Our debt level is modest, and that is correct. We have a gross interest-bearing debt of $310 million, net interest-bearing debt of $197 million, and we have a cash position of $113 million. In addition to that, we have a revolving credit facility of $100 million. That is modest. However, we are building four new vessels, and we will increase the debt level based on that, of course. What I can say is that is work under progress. We are keeping all doors open, and we experience good appetite for lenders to increase their Sea1 exposure. There is a question again about Viking Supply Ships. Will you merge with Viking Supply Ships? Such questions we cannot comment on. There are some questions regarding Euronext Growth.

On the 26th of September, we held an EGM, which approved an application for the change of stock exchange listing from Oslo Børs to Euronext Growth, which is considered a more aligned listing for the company. As it is today, the status of the process is that an application has been submitted, and it’s being considered by Oslo Børs.

There is also a question regarding the revenue sharing agreement.
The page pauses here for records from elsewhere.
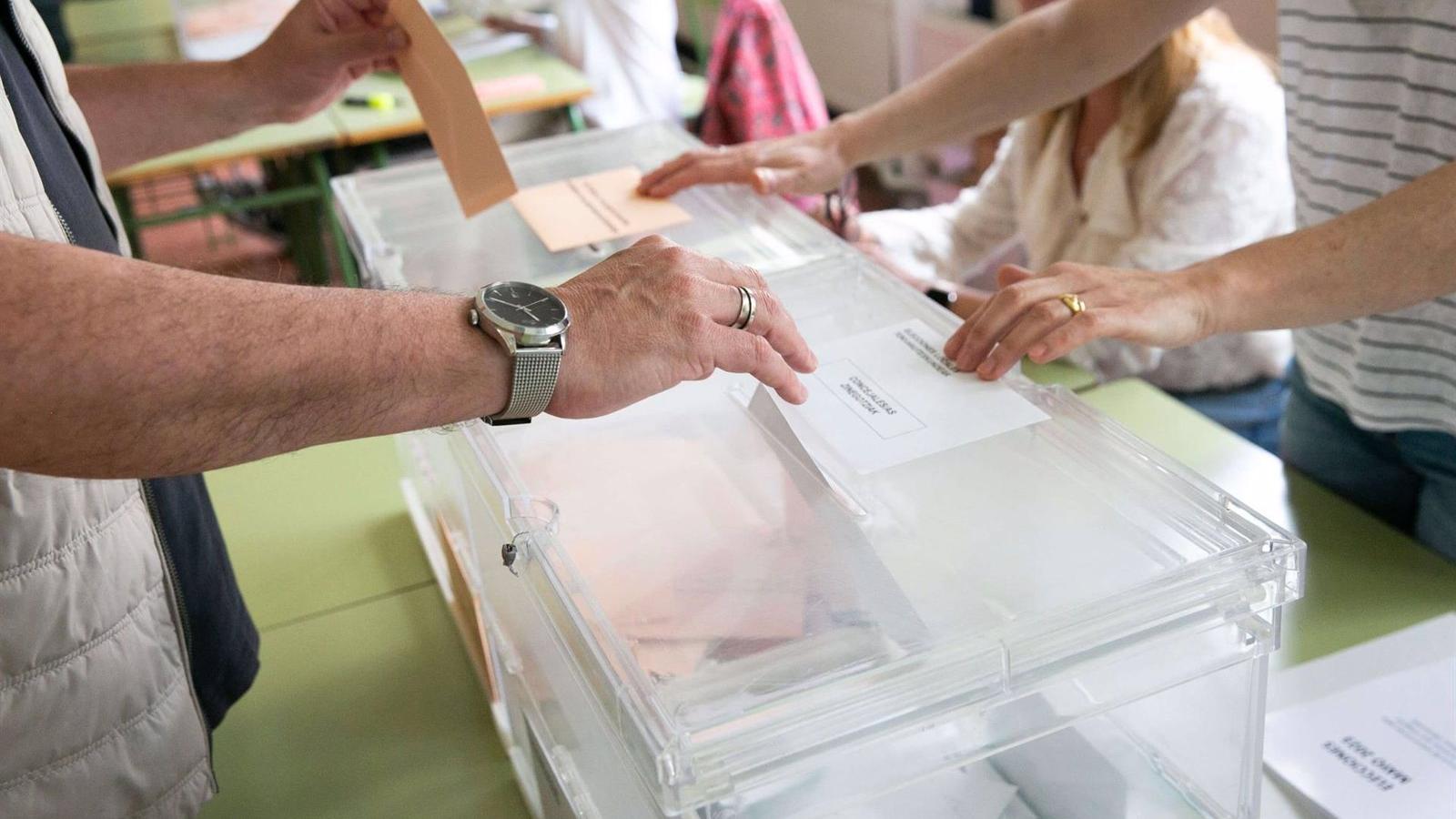 El Ayuntamiento de Coslada prepara los colegios para el 23J comprando 90 ventiladores y el PP defiende que la idea es suya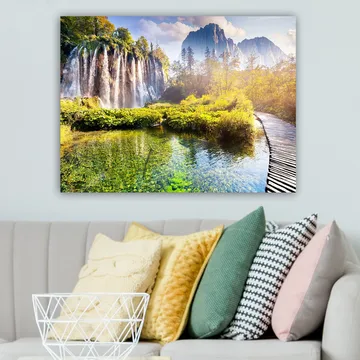 Canvastavla 70x100 cm - Storslagen vattenfallsscen omgiven av grönskande vegetation och majestätiska berg - Grön / Blå / Gul - Inredning - Tavlor & posters - Canvastavla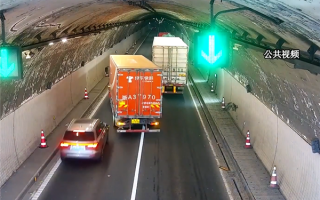 货车隧道内实线变道 理想ONE躲闪不及碰撞后“飞檐走壁”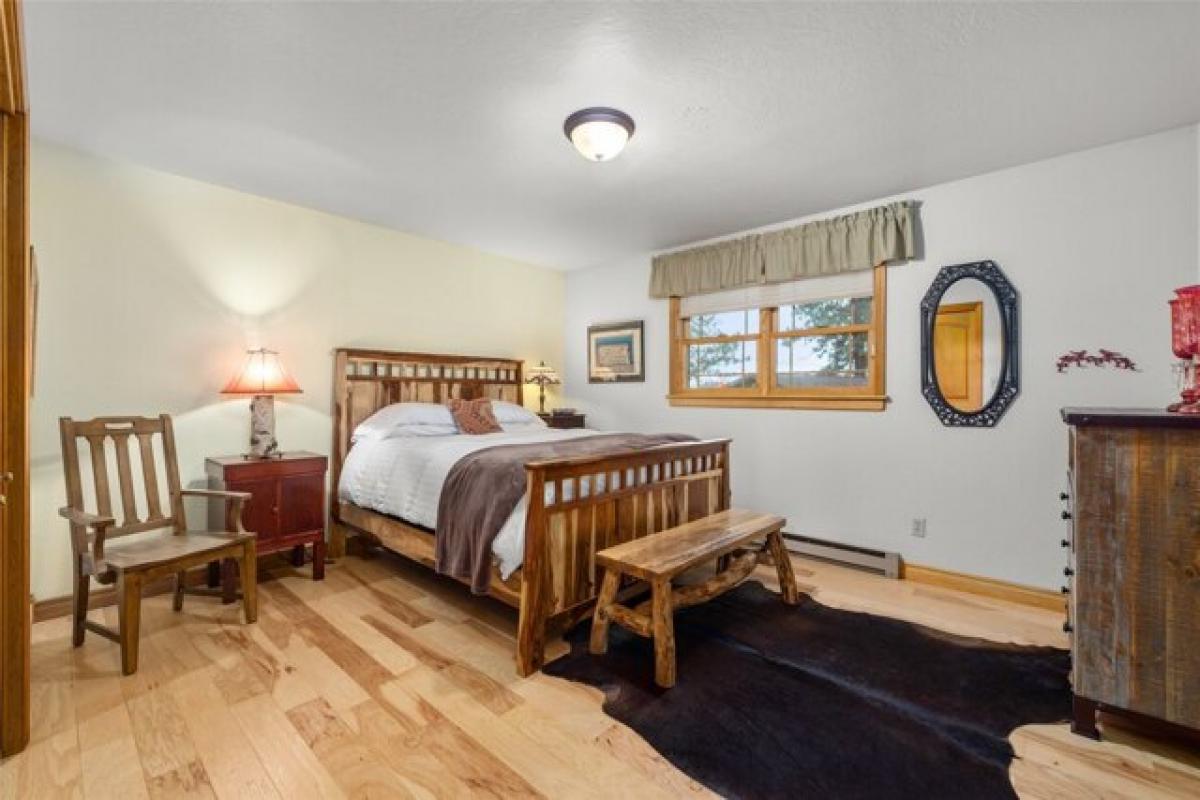 Picture of Home For Sale in Columbia Falls, Montana, United States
The revenue sharing agreement is, in reality, an operating margin sharing agreement where the total margin will be distributed based on the number of vessels or actually the number of vessel days these vessels have been available. In the third quarter, all large anchor handling tug supply vessels owned by the parties were included in the revenue sharing agreement. The revenue sharing agreement supports efficient operations of the total fleet and enhances the company’s ability to position the fleet and utilize opportunities. Good operation of a larger fleet generates positive effects and economies of scale.

If there are any further questions, please let us know. It seems like there are no further questions, so we will—oh, there is one more. Sorry. What is the outlook for Avalon Sea? She will continue for another four months offshore Canada. That is what we have on hand. What will happen after that, we are a bit unsure, but there is more work in the pipeline, so we hope we will succeed with that as well. The three anchor handling tug supply vessels working in Australia, we have already commented on. There are some more questions there, but we expect this contract to end late 2026. All right, there’s no more questions. Thank you all for joining. We are wishing you a good weekend. Thank you.